In Cobb, 69 percent of voters struck down the 1 percent regional sales tax, which supporters said was critical for the region’s future. A 2012 poll conducted for The Atlanta Journal-Constitution found that distrust of government is likely the primary reason the T-SPLOST failed. Others say it’s because voters didn’t want to pay a new tax in a down economy. And some say it was because of the list of projects and the lack of public input during the campaign.
Sam Massell, a former Atlanta mayor and president of the Buckhead Coalition, a nonprofit civic group that supported the T-SPLOST, said the referendum was too heavily driven by the business community and didn’t rely enough on support from politicians or the public.
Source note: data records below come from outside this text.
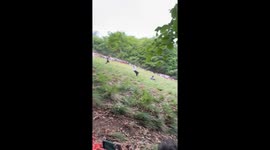 Dramatic fall captured during the exciting Cooper Hill Cheese-Rolling event
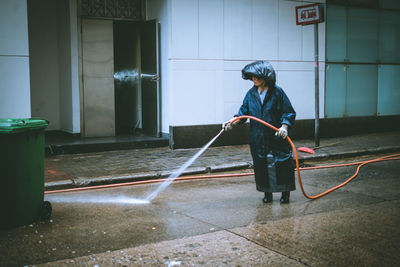 Full length of man standing by building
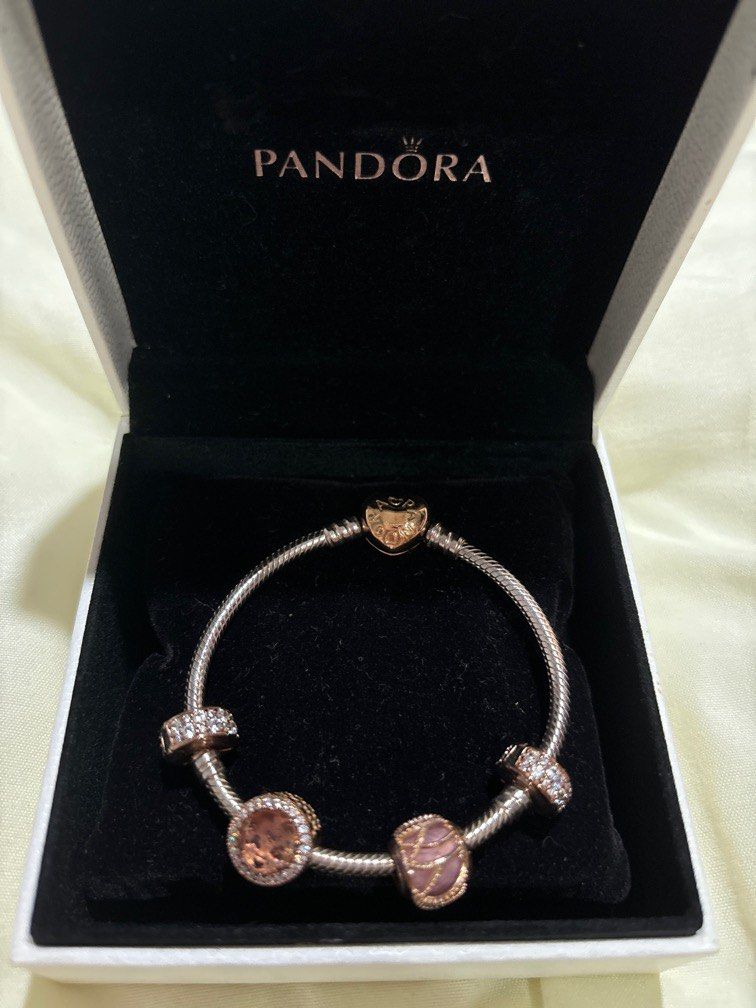 Pandora Rose Gold Charm Bracelet (Category: Bracelets) located in Paranaque City. Submitted by preloved.che (Listing ID 1334399727, Image 1). Description: Not sure what size exactly but pretty sure it’s the smallest size available includes 4 charms barely used this rfs: need funds + from an ex 🤪.
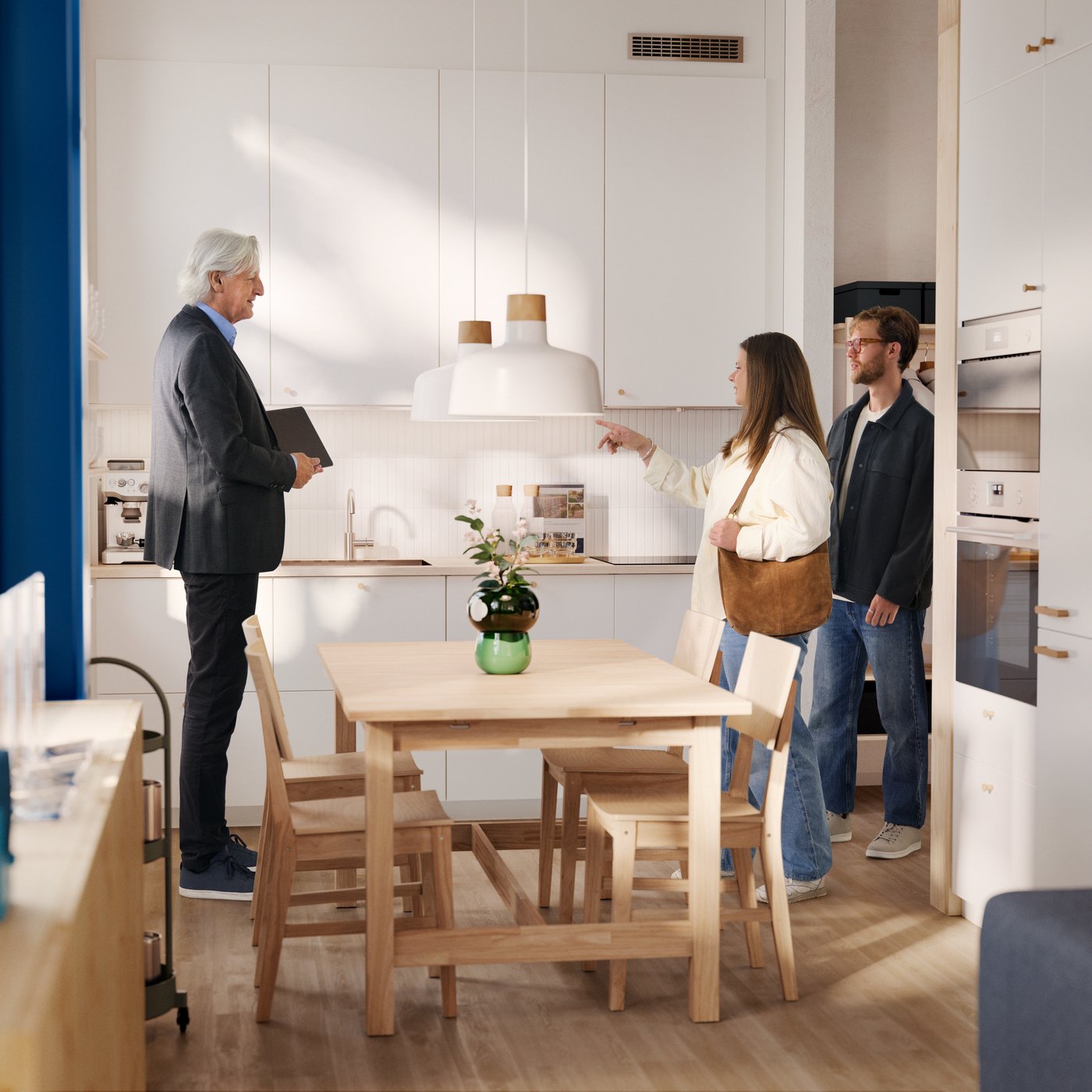 An estate agent in a suit greets a casually dressed young couple in a small modern kitchen with white cabinets and pine table.
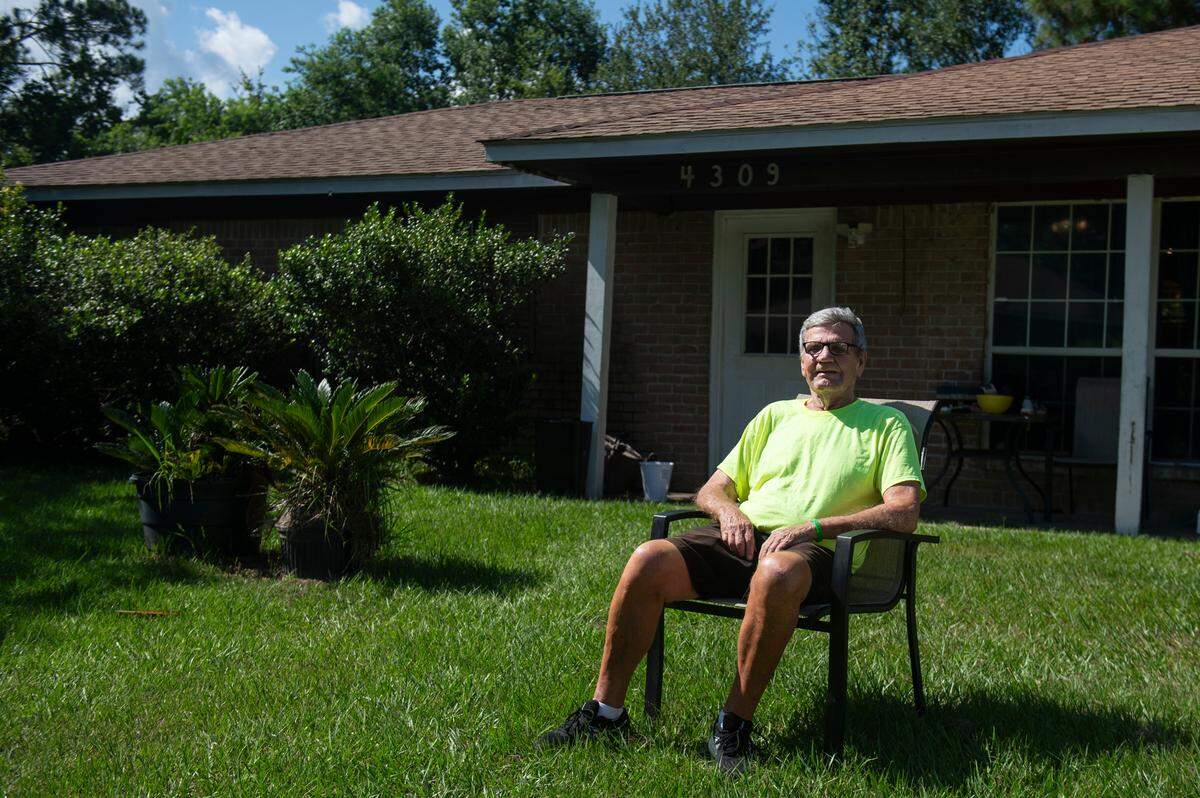 Bob Kiesau sits in his front yard in Ocean Springs on Monday, Aug. 5, 2024. According to Kiesau, his home is sinking, has a cracked foundation, cracked flooring, uneven doors and walls, as well as other issues, due to a drainage ditch eroding next to his property.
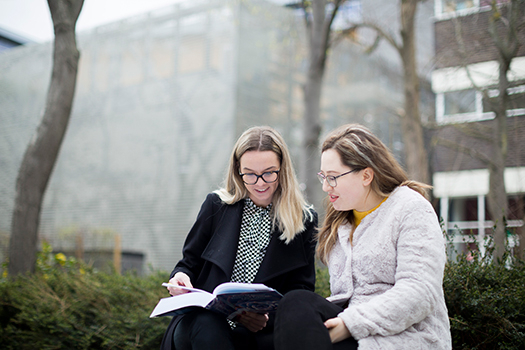 Queen Mary Law students reading a book outside on campus
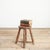 Rustic Wooden Milking Stool A charming antique stool made from solid pine originally used as a milking stool due to its...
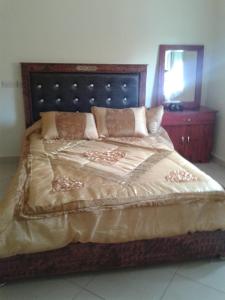 - une chambre avec un grand lit et une tête de lit en bois dans l'établissement Hotel Ain Leuh, à Aïn Leuh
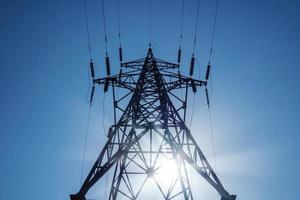 Electrical transmision high-voltage tower on blue sky background. photo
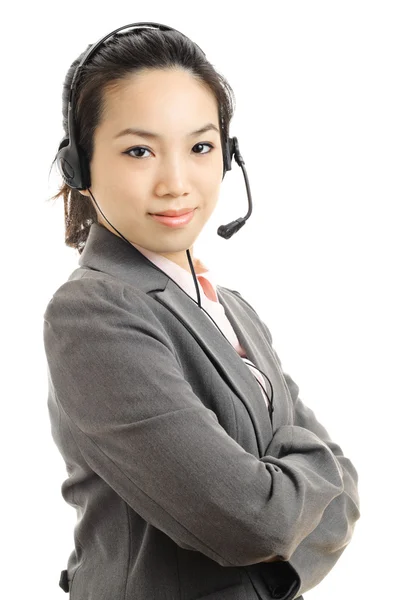 Mujer de negocios asiática con auriculares —  Fotos de Stock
He said Cobb is “right on target” with its community-driven approach.
“You have to get to the point where everyone is benefiting — it can’t just be the people in ivory towers saying ‘Yes, this is good for you,’ ” he said.
Longtime Cobb resident Ron Sifen is optimistic about the county’s approach, but still a bit skeptical. Sifen is the president of the Cobb County Civic Coalition and a longtime community advocate who serves on several transportation advisory boards. At one time he supported the T-SPLOST, but he changed his mind, believing the project list benefited special-interest groups more than taxpayers.
He hopes this time, everyone is listened to equally.
“Cobb County is giving us this opportunity, and it is the responsibility for taxpayers — regular people — to participate,” he said. “If they don’t, they’re not going to like what they end up with.”
Staff writer Ariel Hart contributed to this story.
How to give your input:
Cobb will be holding public meetings and telephone town halls over the next several months, but no dates have been set. An online survey is available now at cobbdot.org.
May 2013 - Oct. 2013: County to hold listening tour, take public opinion polls, and launch communication campaign.
Oct. 2013 - March 2014: County to launch website and social media outreach and hold public meetings
March 2014 - Sept. 2014: More public meetings, public opinion polls and online surveys. Final project recommendations go before commissioners for a vote in the fall.